A Gini coefficient that draws closer to zero demonstrates greater equality, while a higher Gini coefficient closer to 1 shows worsening equality. Boise’s Gini coefficient, for example, dropped by 0.0096 to 0.4440, which was considered positive.
To be sure, the researchers noted that income equality still worsened in Southern cities like Richmond, Va., in 2020. And income inequality persisted even in the cities that saw some improvement in 2020, including New York City, the report said.
But the analysis could nonetheless add to a growing pile of evidence showing the ways in which special government programs, including stimulus checks and expanded unemployment benefits, managed to narrow the ever-widening gap between the haves and the have-nots despite widespread job loss early in the pandemic. That accomplishment was especially profound because income inequality had otherwise been rising for decades, the report noted.
“Not only were there three rounds of economic impact payments sent out to households, but extra unemployment benefits guaranteed by the government also meant that, for the most part, even those who lost their jobs still brought in enough money to make ends meet,” LendingTree senior economist Jacob Channel said in the report. “In many instances, those on unemployment during the height of the pandemic were making more money than they were at their jobs.”
Supplemental federal unemployment programs ended last year, along with stimulus checks, the temporary expansion of the child tax credit, a federal eviction moratorium and more.
Meanwhile, it’s possible that the places that saw income equality worsen during the pandemic experienced declines due to fewer employee protections, the report said. In Richmond, for example, the Gini coefficient increased by 0.0133, the most of any metropolitan area examined by MagnifyMoney. Virginia “was among the states that enacted the fewest laws and policies to protect its unemployed population between Feb. 15, 2020, and July 1, 2020 — a period in which the coronavirus began spreading quickly across the U.S — according to an Oxfam America study,” the MagnifyMoney report said.
Virginia, like other states that suffered from worsening equality, also didn’t pass adequate legislation to protect workers from their employers forcing them to return to their jobs while they were sick, the report said.

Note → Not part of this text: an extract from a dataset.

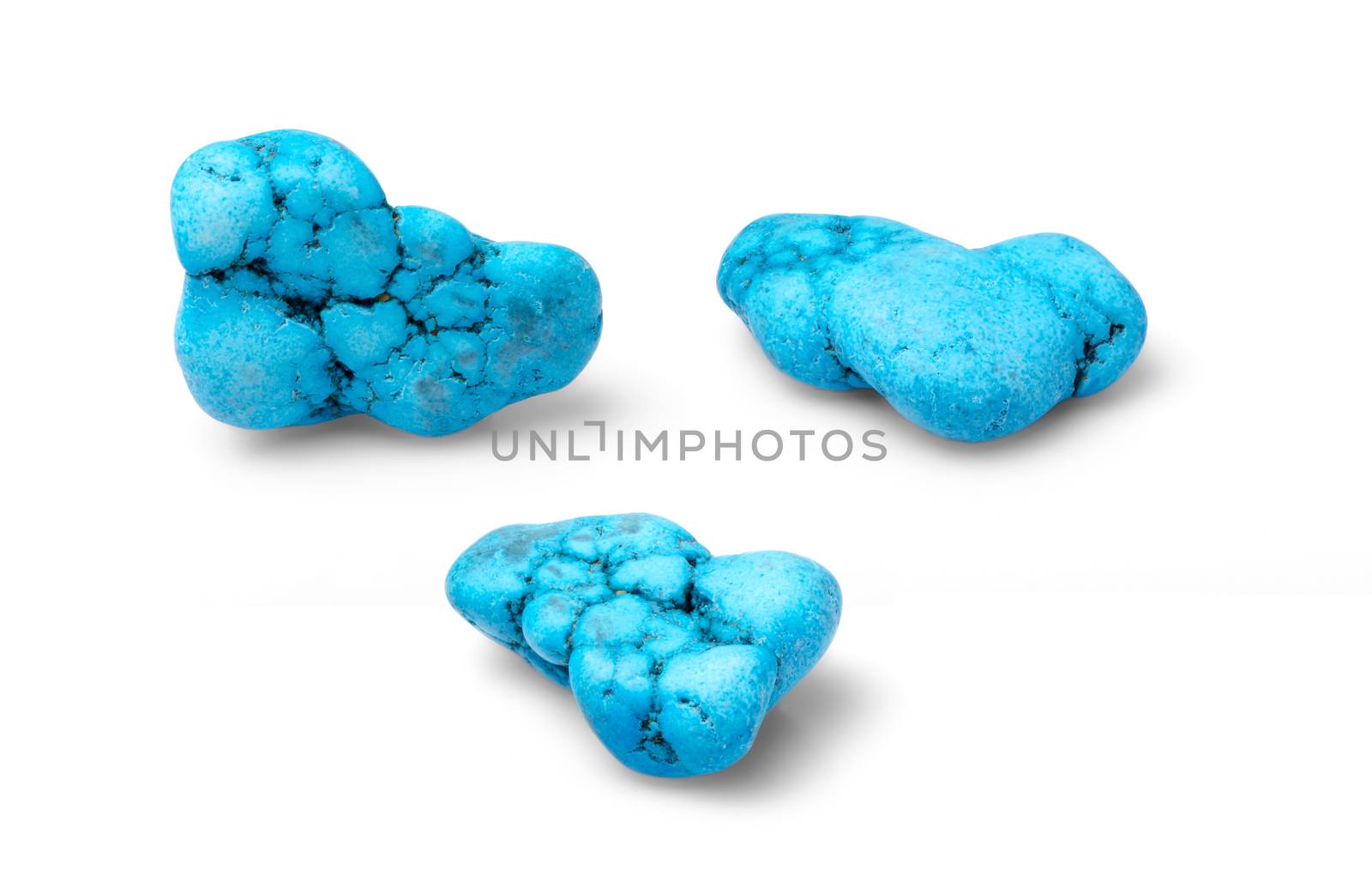 Blue turquoise hawlit shot from thre angles isolated on white background.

“Generally, Southern states have more lax labor laws, meaning that it’s sometimes easier for companies to take advantage of employees,” Channel said in the report. “The so-called pro-business mentality that many Southern states adopt can make it much harder for workers to negotiate raises or take actions that could help ease income inequality. Beyond that, the long-term legacies of policies like the Jim Crow laws and redlining also hurt many Southerners — namely those from communities of color — and doubtlessly exacerbates inequality.”